Job Description: Security Architect (150 hours)

Seasoned Security Architect to design and deliver an enterprise solution for Microsoft Purview (classification & governance), Data Loss Prevention (endpoint & cloud), Information Rights Management (IRM/AIP), and retention. Responsible for regulatory alignment (GDPR/PCI/HIPAA/etc.), integration with SIEM, MCAS (Microsoft Defender for Cloud Apps), and AIP/MIP Scanner. Must be Spanish-fluent and have 10+ years’ relevant experience. Engagement estimated at 150 hours.

·      Lead solution architecture and implementation plan for Microsoft Purview, Endpoint & Cloud DLP, AIP/IRM, retention/records management.

·      Map regulatory requirements (GDPR, HIPAA, PCI-DSS, local/regional laws) to technical controls and retention rules.

·      Design integrations: Purview ↔ SIEM (Azure Sentinel / Splunk), DLP ↔ MCAS, AIP Scanner ↔ discovery workflows.

·      Define classification taxonomy, sensitivity labels, retention labels, and automated labeling policies.

·      Create architecture diagrams, data flow maps, and threat model for data in motion, at rest, and in use.

·      Produce pilot scope, migration strategy, test plan, runbooks, rollback plan, and cutover checklist.

·      Develop monitoring & alerting plan; map telemetry/events to SIEM use cases and SOC playbooks.

·      Provide playbooks for IR (data exposure, data exfiltration, insider threat) including forensic evidence capture steps.

·      Deliver Spanish-language knowledge transfer: admin guides, runbooks, and at least one training session.

·      Perform risk assessment, gap analysis vs. current controls, and recommended remediation roadmap.

·      10+ years in security architecture, data protection, or related roles.

·      Fluent Spanish (verbal & written).

·      Deep hands-on experience with Microsoft Purview, Microsoft Information Protection (AIP/MIP), Endpoint & Cloud DLP, AIP Scanner/MIP Scanner, Microsoft Defender for Endpoint, and Microsoft Defender for Cloud Apps (MCAS).

·      Experience integrating security tooling into SIEM (Azure Sentinel, Splunk, QRadar) and building detection/use cases.

·      Strong knowledge of retention/records management and implementing retention labels/policies in M365.

·      Knowledge of regulatory frameworks: GDPR, HIPAA, PCI-DSS, local privacy laws; experience doing compliance mappings.

·      Proven experience producing architectural artifacts: diagrams, runbooks, risk registers, test plans.

·      Certifications preferred: CISSP, CISM, MS-500, AZ-500, Microsoft Purview/AIP related certs, or equivalent hands-on experience.

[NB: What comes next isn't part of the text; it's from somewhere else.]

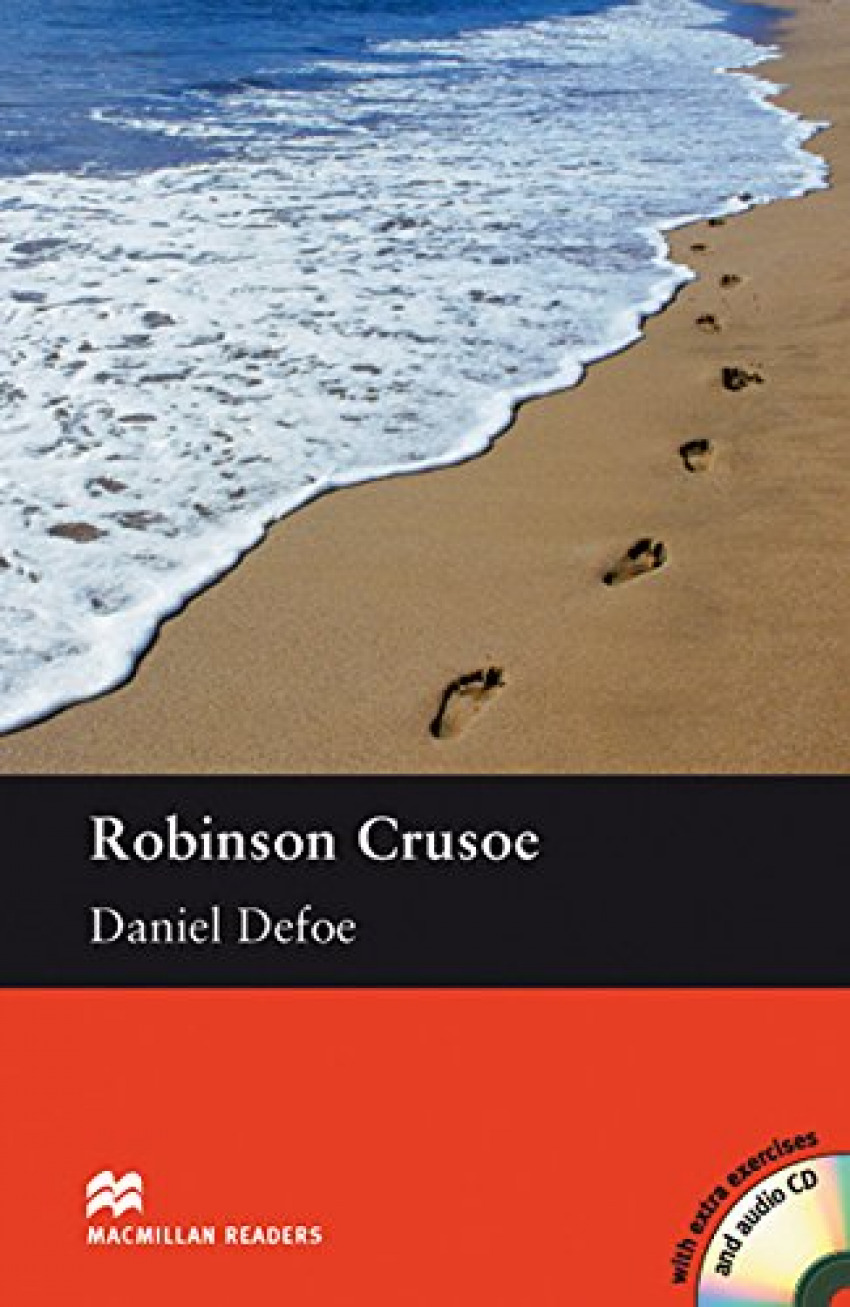 Robinson crusoe+cd - Mr Pre-intermediate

·      Excellent stakeholder skills and ability to present to executive audiences in Spanish.

·      Architecture & Design Package (Diagrams, Data flows, Threat model).

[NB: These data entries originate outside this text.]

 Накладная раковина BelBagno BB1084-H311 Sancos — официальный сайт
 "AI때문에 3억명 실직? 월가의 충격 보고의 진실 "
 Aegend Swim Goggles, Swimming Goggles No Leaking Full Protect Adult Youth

·      Policy Matrix mapping regulatory controls to Purview/DLP/IRM/Retention settings.

·      Label Taxonomy & Policy Definitions (sensitivity + retention labels).

·      Integration Plan (SIEM use cases, MCAS rules, AIP Scanner workflows).

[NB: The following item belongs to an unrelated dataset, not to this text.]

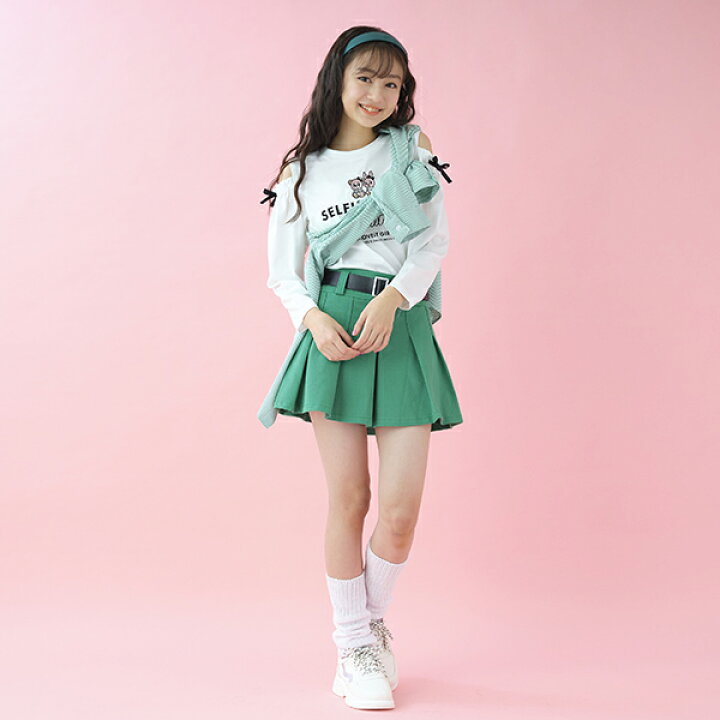 楽天市場】バイ ラビット(by LOVEiT)ストライプ肩あきシャツ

·      Pilot Implementation Plan & Test Cases.

·      Runbooks & Playbooks (IR, admin tasks, classification exceptions) — Spanish and English.

·      Knowledge Transfer: recorded training session(s) + slide deck.

·      Gap & Risk Report with prioritized remediation.

·      Final handover including configuration exports, scripts, and operating procedures.